Questa regola è stato rifiutata dai riformatori protestanti del XVI secolo che hanno sostenuto la propria fedeltà ai precetti biblici che prevedevano la cena con pane e vino. Analogamente la chiesa ortodossa ha ribadito, nel suo scisma, la volontà di officiare l'eucarestia con il pane lievitato immerso nel vino.
Sembra incredibile che una bevanda così comune come il vino possa avere alimentato sviluppi concettuali tanto differenti e possa assumere significati simbolici di identità e di appartenenza tanto forti.

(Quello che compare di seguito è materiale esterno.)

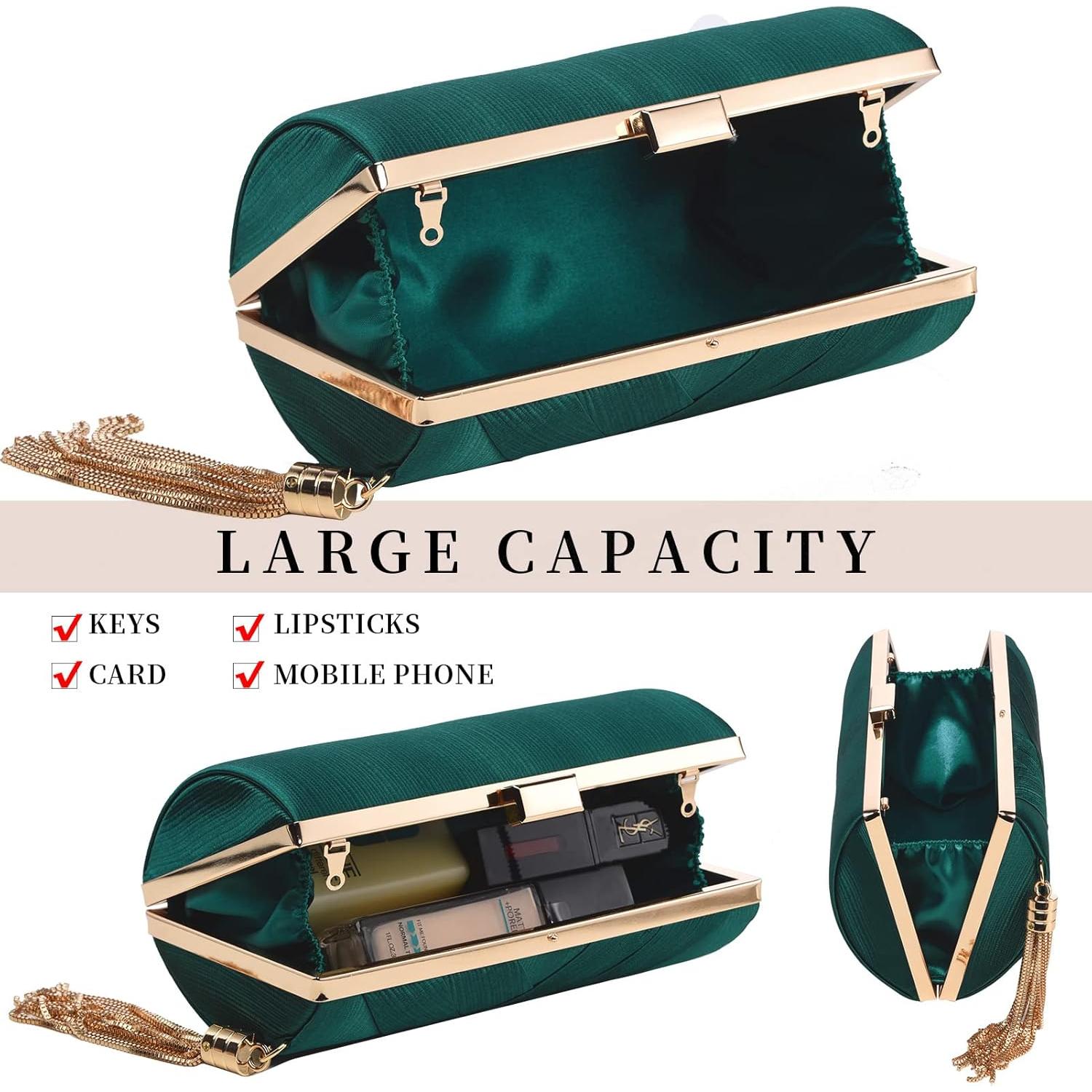 Bolso de mano YAPAIOU verde con borlas para mujer 17.5x11.5cm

Ma quello che volevo dire è che, nel nostro tempo futuro, anche il semplice e conviviale gesto di offrire un bicchiere di vino può essere inteso dal nostro interlocutore in maniera profondamente diversa.
Il vino e i cibi sono un dono che riceviamo durante la nostra vita, ma la percezione che ne abbiamo e l'uso che ne facciamo dipendono dal delicato equilibrio tra la nostra responsabilità personale e le regole della società cui apparteniamo.
Una società che oggi si sta rapidamente ampliando e in cui le identità vengono messe in discussione. La comprensione reciproca e "il dovere della differenza condivisa" sono percorsi utili, anche soltanto parlando di vino, per una visione non solo tecnologica o economica della globalizzazione.